The case is Taylor v. The City of New York, issued on May 19. Plaintiff is a Black man who worked for the NYPD. He sues under the New York City Human Rights Law, which the City Council intended to reach further than federal law, deemed insufficiently protective of plaintiffs' rights when the City HRL was amended in 2006. This ruling is far-reaching and provides some interesting holdings that plaintiff-side attorneys will embrace.
First, the supervisor, Toczek, made numerous comments disparaging Black NFL football players, including Colin Kaepernick, who engaged in public racial justice protests. When plaintiff told Toczek that these football players had a constitutional right to protest, Toczek said, "it's my right . . . if I want to like Black people." I am sure the NYPD claimed this comment was too vague to support a discrimination case, but the jury may find that Toczek was disparaging Black Americans. He also shared articles about Black NFL players committing crimes and described them as "perps." Toczek's comments lead the First Department to find that plaintiff suffered discrimination based on his race, as the lawsuit asserts this supervisor's subsequent actions against plaintiff were racially motivated. As the First Department says, Toczek's comment to plaintiff about his right whether to like Black people was facially discriminatory, "and is alone sufficient to defeat summary judgment." Under City HRL parlance, this was not an insubstantial comment or a "petty slight or trivial inconvenience."

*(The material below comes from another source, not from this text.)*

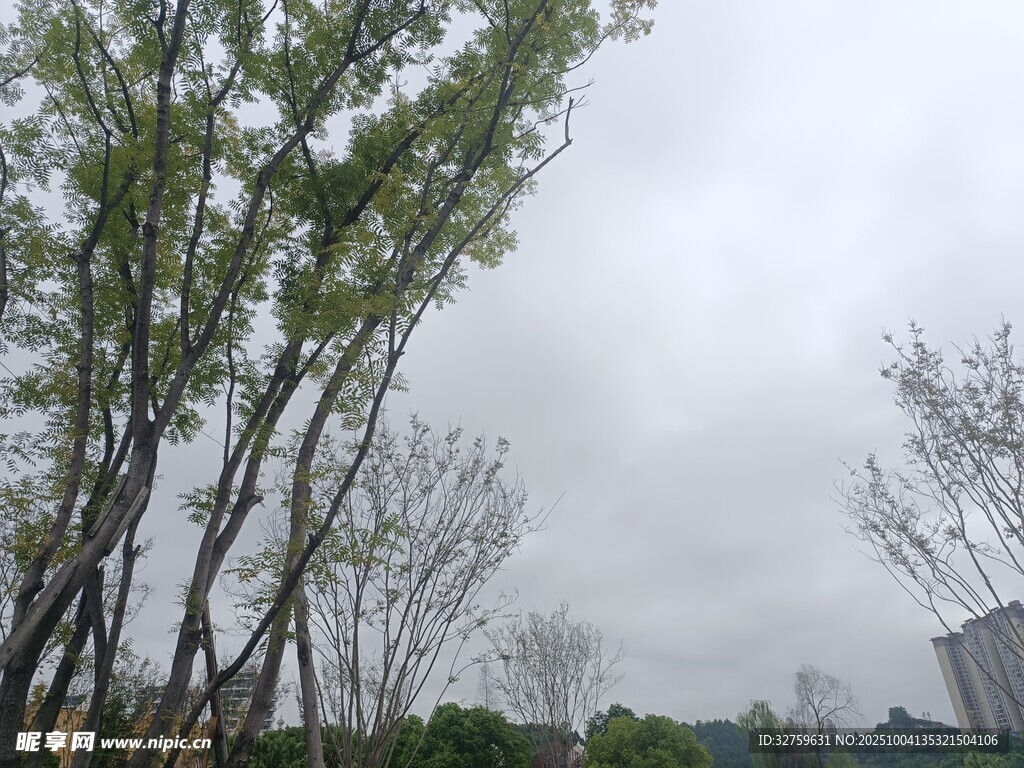 户外绿树成荫的自然景致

That brings us to an incident where Toczek had plaintiff accompany him to apprehend an arrestee who had previously assaulted police officers. Toczek told plaintiff, who is 6'7" and 260 pounds, that the arrestee will take one look at plaintiff and decline to fight, stating, "look how big you are." Plaintiff next suffered a serious physical injury in accompanying Toczek. Plaintiff sufficiently asserts a discrimination claim arising from this episode because "[a] reasonable juror could interpret Toczek's statements commending on plaintiff's physical appearance -- as compared with more slight white coworkers who were injured by the arrestee -- could have been racially-motivated and "communicated a decision-maker's explicit bias," and not a mere stray remark which would be nonactionable under the City HRL.

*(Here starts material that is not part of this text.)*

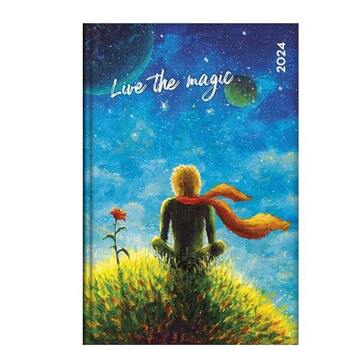 2024 ΗΜΕΡΟΛΟΓΙΟ ΗΜΕΡΗΣΙΟ ΛΕΥΚΟ 14x20cm IT S MAGIC (ΣΧΕΔΙΟ c LIVE THE MAGIC ΜΙΚΡΟΣ ΠΡΙΓΚΙΠΑΣ) ME ΕΥΡΕΤΗΡΙΟ ΜΗΝΩΝ ΗΒ 894841 7403613 (THE WRITING FIELDS)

Moreover, "a reasonable juror could interpret Toczek's assertion that plaintiff's appearance, including his size, would deter violence from the arrestee, as an attempt to invoke the 'classic and common racist trope that Black men are inherently threatening or dangerous.'" The jury has to determine whether this was "coded racial language" or a permissible reference to plaintiff's size. That holding cites to a non-employment case, Matter of Putorti, in which a Justice of the Peace was disciplined for making a similar comment to a litigant who came before him. In that case, the New York Court of Appeals in turn cited to a law review article that addressed racial stereotypes, That makes this case the first employment discrimination case, to my knowledge, advancing this holding about racial stereotypes in the workplace through comments about the plaintiff's physical appearance.